勤務先で退職した方が、置き土産で幾つかのモノを残していったのです。その中に、稲村某が以前から興味を持っていたブツが有りまして、晴れて御対面!! と、相成りました。
……それこそが、まさかのカイコ(のマユ)である。
外側のパッケージに打たれたプライスダクには、クッキリと『1000円』の字が記されている。つまり、千円である。つーか千円ッ!? オイコラ随分とお高いなぁ!!
あ、毎度お馴染み稲村某で御座います。又、始めちゃいましたよ? 極メシ。前作を知らない方は作者のマイページから辿ると見られますから。但し、第一話のタイトルを見てゾワゾワした方は降車ボタンを押してくださいね?
……平気? ……大丈夫? 旧作のタイトル見て、無理無理ッ!! とか、ヤバいヤバい鳥肌立つって!! と思った方は無理せずホンワカしそうな項目から読んでくださいね? まー、たぶん全話問題無いと思いますが。
さて、もう引っ張る余裕は無いので、ズバッ!! と始めちゃいましょう!!
今回の食材は『カイコの繭』です! タイトルそのまんま!!
……てな訳で、毎度お馴染みの決め台詞おば、失礼いたしまして……
では、食してみようか。
と、その前に先ず、パッケージを愛でてみよう。
『シルクワーム』と書いてある。それはそうだ、カイコだからな。因みに産地はタイランド、タイ産である。個人的にはムエタイと仏教の国である。きっと彼の地、遠きナユタヤの寺院で涅槃経を唱えている僧侶の法衣にも、きっと絹糸の類いは使われているかもしれない。主に使われているのは綿かもしれないが、それはさておき。
続けて主原料を見てみよう。
『シルクワーム・塩』
わーお!! ……シンプルだなぁ。余計な味付けは本来の味わいを損なう、そんな気遣いが見え隠れして……いない。単純にスナックとして売られているからだろう。せめてカレー粉位使ってほしかった。
で、注意書の箇所には、
『虫はエビ・カニと類似する点が多く、アレルギーに注意して食してください』と記されている。稲村某、極めて弱めのエビアレルギー体質だが、どんぶり一杯山盛りで食わなければ問題はなかろう。一度にそんな食いたくないが。
まぁ、そろそろ限界だろう。く、食うか……。
まず国産のグミ系菓子っぽいパッケージ(ご丁寧にカイコのサナギのリアルなイラスト付き)を開けると、中からジップロック風の二重包装に入ったブツが現れる。内容量は15グラム。大した量ではない。だが、『1000円』もする物体なのだ。キロ換算すると馬鹿みたいな高級食材様である。ふざけた値段設定だなぁ……本マグロより高いとかマジで信じられん。
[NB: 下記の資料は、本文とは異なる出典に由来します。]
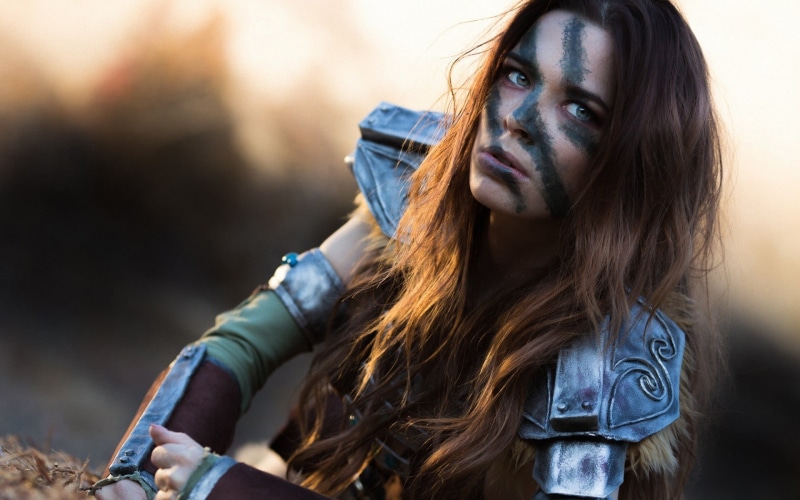The Elder Scrolls V: Skyrim, s, headshot, paint, long hair, young women, one person, hairstyle, women, warrior, Aela, model, looking, brown hair, fantasy girl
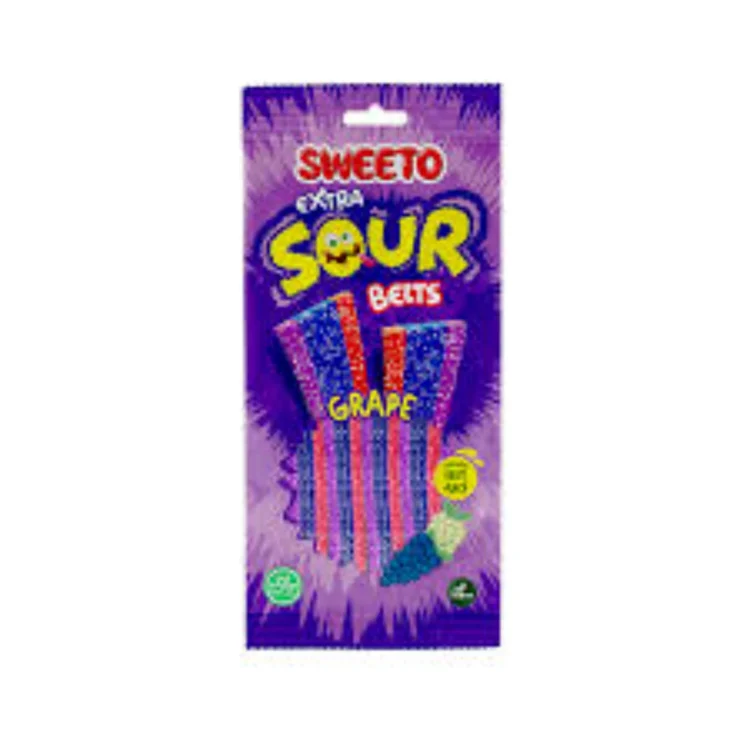 Sweeto Grape Extra Sour Belts 75g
だいたい四十匹入りの二重包装から一つ取り出して、観察してみよう。
見た目は『カイコのサナギ』そのもの。手に持っても軽く、そして素揚げした食材特有のカッサカサな手触りである。無論、動きはしない。いや動かれたら絶対に食えないが。
とりあえず、精神を集中して……心を空にする。
今、手にした存在は、宇宙とは全く関係無い……高蛋白低カロリーな食材である。決して小学生の時、教室の後ろでケースに入れられて桑の葉を無心に齧り続けていた、白いイモムシが変身した奴なんかじゃないんだぞ?
うわーん、もう限界だよぅ!! 食うぞ!!
さくっ、とした歯応えの後、口一杯に広がる……かなり強めの土臭さ。うむぅ、すげー土臭い。言い換えるならば、泥臭いかもしれん。違いは判らんが。
その後、揚げる際に使われたと思われる、綿油の独特な風味が抜けていくと、口の中には先程の土臭さ、そしてサナギの皮(殻か?)がピーナッツのように残り、パサパサの印象を更に強くしてくれるのである。
……と、此処まで読んだ諸兄はきっと「あー、カイコのサナギなんて食い物じゃねーなぁ」とか「虫なんて気持ち悪いモノは食うべきではない!」と思うだろう。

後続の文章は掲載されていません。